The Australian dollar rallied against all other most-traded currencies today after positive trade data released in China, Australia’s biggest trading partner, and Australia itself. Reports about the services sector were rather bad in both Australia and China but that did not prevent the Aussie from logging substantial gains.
The Australian Industry Group Australian Performance of Services Index sank from 38.7 in March to 27.1 in April, seasonally adjusted. That was both the biggest monthly slump and the lowest level of the indicator in the history of the survey. Obviously, the coronavirus pandemic was responsible for the historically bad result as the report explained:

Activity restrictions in response to the COVID-19 pandemic have decimated large segments of Australia’s services industries. The Australian PSI® indicated contraction in all sectors in April (trend). This was the first full month of restrictions on commercial activity including closures or limited trading for many businesses in hospitality, retail, transport, recreation, personal services, education and even community services.

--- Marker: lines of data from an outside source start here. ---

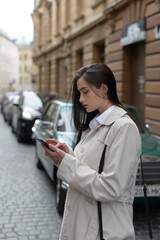 A woman on the street uses a mobile phone. online shopping. use of mobile applications.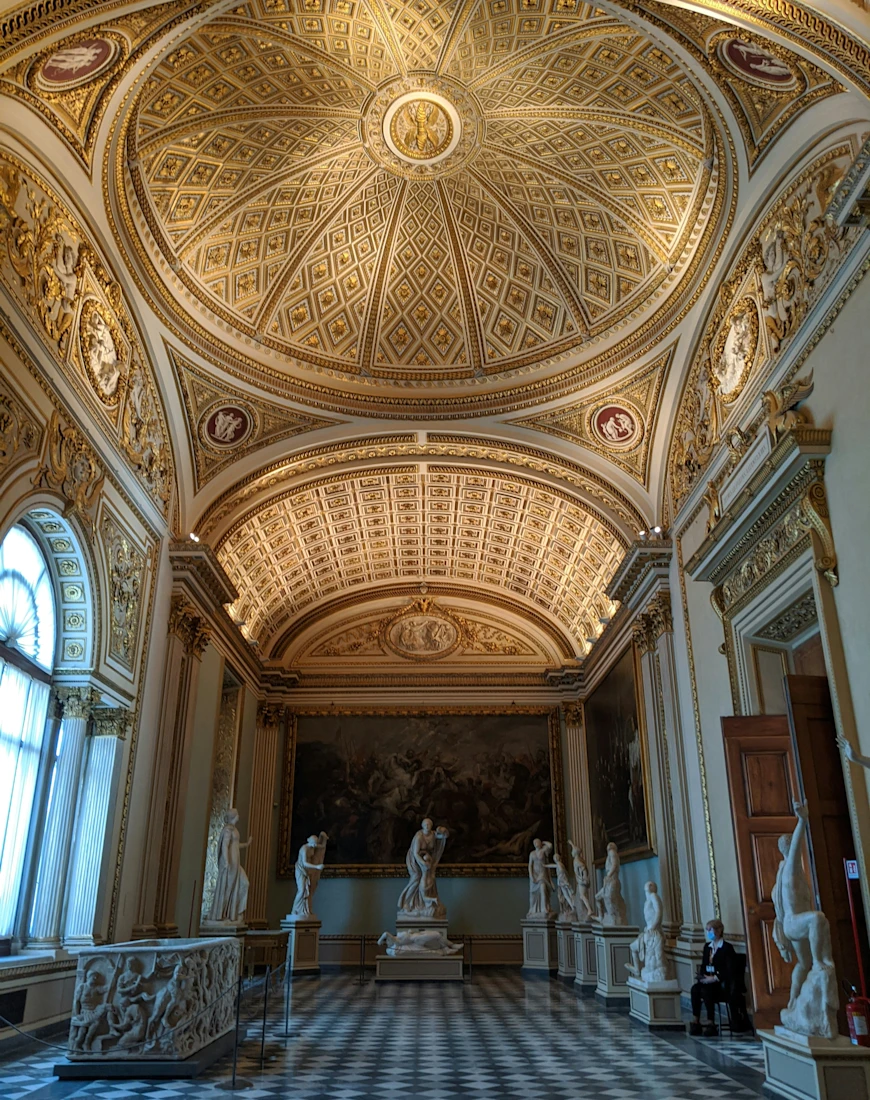 arched ceiling in a museum with colorful ceiling details and tiled floor and statues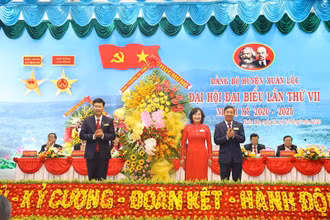 Đồng chí Hồ Thanh Sơn (phải) tặng lẵng hoa chúc mừng Đại hội.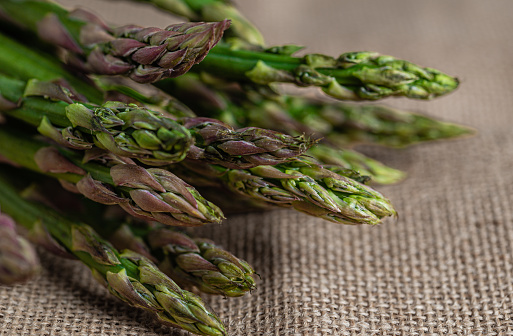 close-up of asparagus on a burlap sack, space for copying
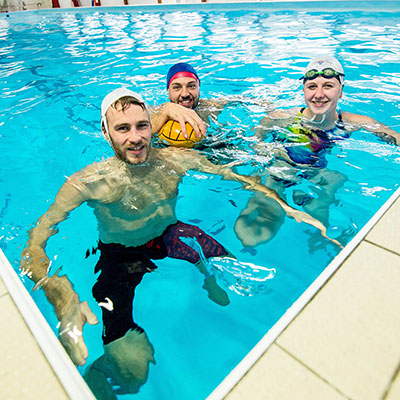 Sports Students in Swimming Pool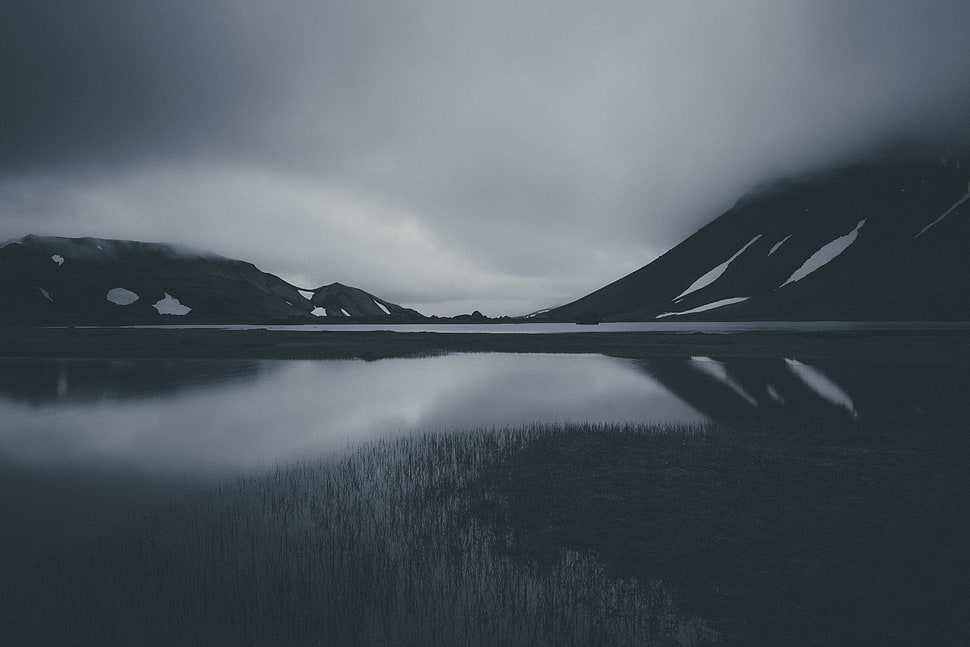 grayscale photo of body of water near mountain HD wallpaper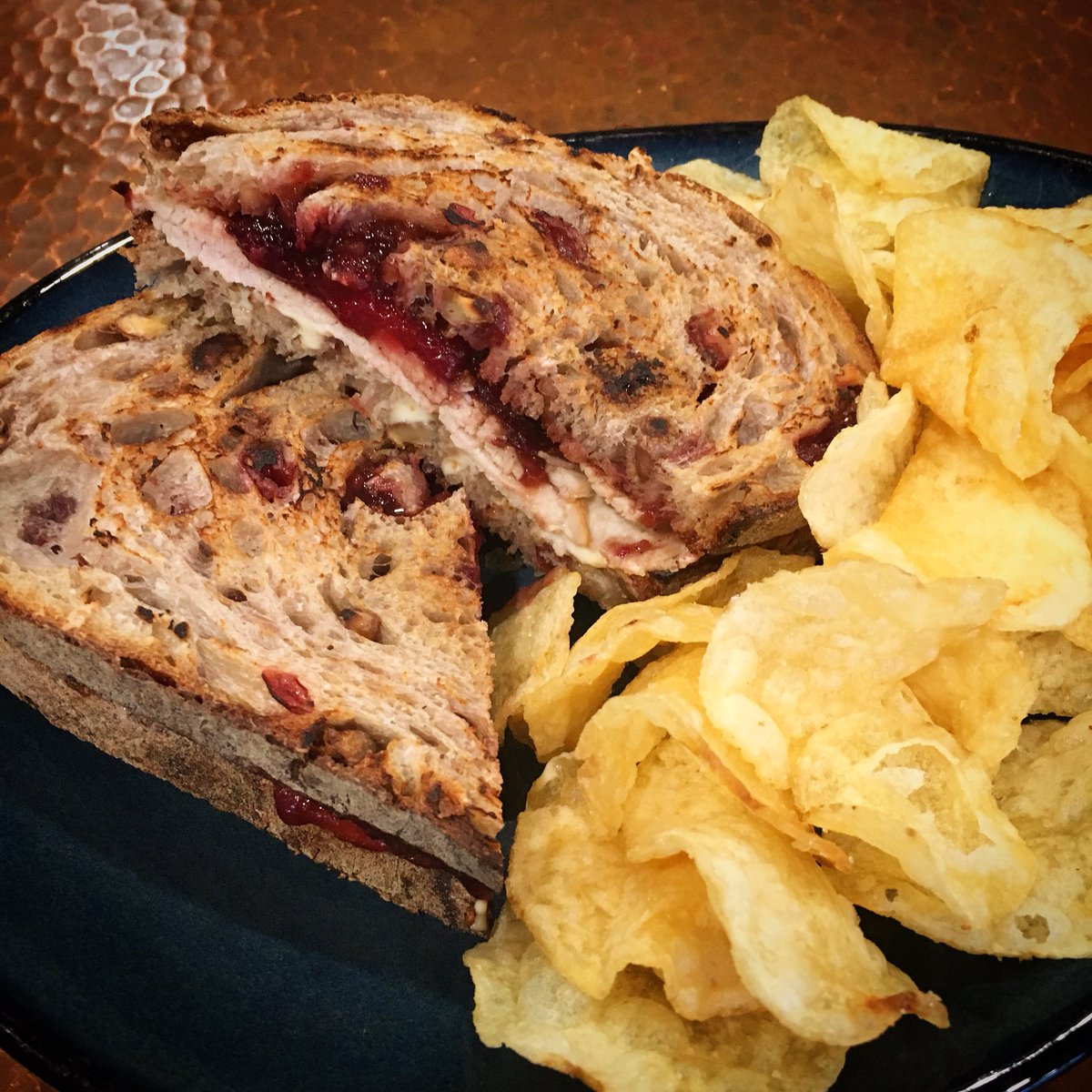 Here is one of our new items for the fall, the Cranberry Turkey sandwich! Filled with turkey, house made cranberry chutney, brie cheese spread and served on toasted <a href="/BrimfieldBread/">Brimfield Bread Oven</a> cranberry walnut bread! Check out our other new lunch/dinner items at artisancoffeeshop.com/menu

The Australian Bureau of Statistics reported that the trade balance surplus widened from A$3.87 billion in February (revised negatively from A$4.36 billion) to A$10.6 billion in March on a seasonally adjusted basis. The market consensus was predicting a noticeably smaller surplus of A$6.4 billion.
As for economic reports in China, the seasonally adjusted Caixin China Services PMI edged up to 44.4 in April from 43.0 in March but failed to meet market expectations of 50.1. A reading below 50.0 indicates a contraction of the industry, while a reading above 50.0 indicates expansion.
China’s trade balance surplus widened to $45.3 billion in April from $19.9 billion in March instead of narrowing to $9.7 billion as analysts had predicted. A major surprise to specialists was the increase of exports by 3.5% compared with the same month of the previous year, whereas experts were counting on a slump of 12.1%. Meanwhile, imports plunged by 14.2% versus the expected drop of 12.4%.
AUD/USD rallied from 0.6394 to 0.6464 as of 10:41 GMT today. EUR/AUD dropped from 1.6851 to 1.6685. AUD/JPY climbed from 67.94 to 68.87.